Alec Robinson paid tribute not only to "the backlog of ideas" which came from TRE, but also to the "TRE techniques" that were followed at Manchester. TRE influence was also valuable in insulating the design team from the problem of postwar shortages.

Robinson was one of the few Manchester people who had not himself come from TRE (he was previously with English Electric). Geoff Tootill did, and he recalled it as "the pre-eminent electronics R&D establishment during the war", adding that it was "a hothouse of talent". Alumni included, apart from those that went to Manchester, Maurice Wilkes (who went on to develop Edsac) and John Pinkerton (the chief designer of Leo).

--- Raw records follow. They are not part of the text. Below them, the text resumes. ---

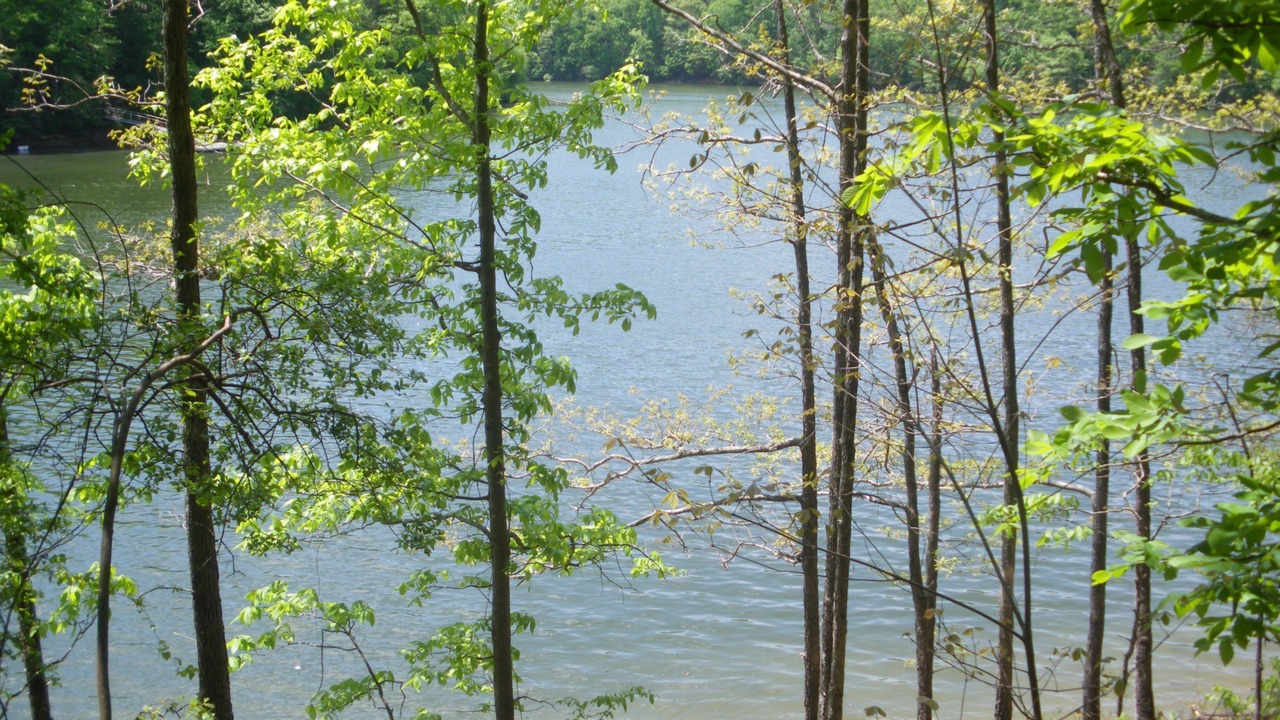 Photo of Outdoor in Arley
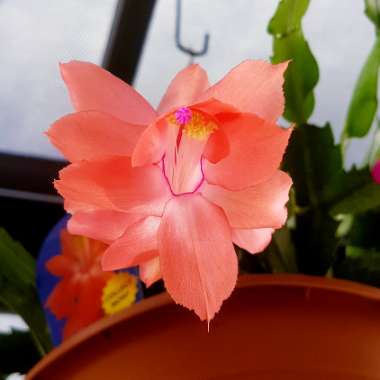 Schlumbergera Truncata Rusty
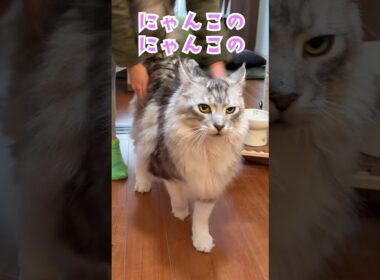朝大型猫に挨拶をした時のメインクーンの鳴き声。お腹のポテポテをいじりすぎて不機嫌になる#short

The other major factor was the leadership of Freddie Williams, acknowledged by Manchester University Chancellor Lord Flowers in a tribute to his "unique inspiration, skill and enthusiasm" which "was so vital in the early days of computing". Geoff Tootill described him simply as "the boffin's boffin".

Alec Robinson, who joined the Manchester team in 1947, recalled that "The atmosphere was very pleasant, and very informal compared to English Electric. Professor Williams' way of working was to let people get on with it. He didn't leave you alone, though: he provided plenty of encouragement, and gave you a lot of ideas.

"There were very few people involved, so communications were easy. You were allowed to pursue your own ideas in a way that was very exciting."

Readers who would like to see what the very first operational stored program computer looked like can inspect Chris Burton's replica at the Manchester Museum of Science and Industry.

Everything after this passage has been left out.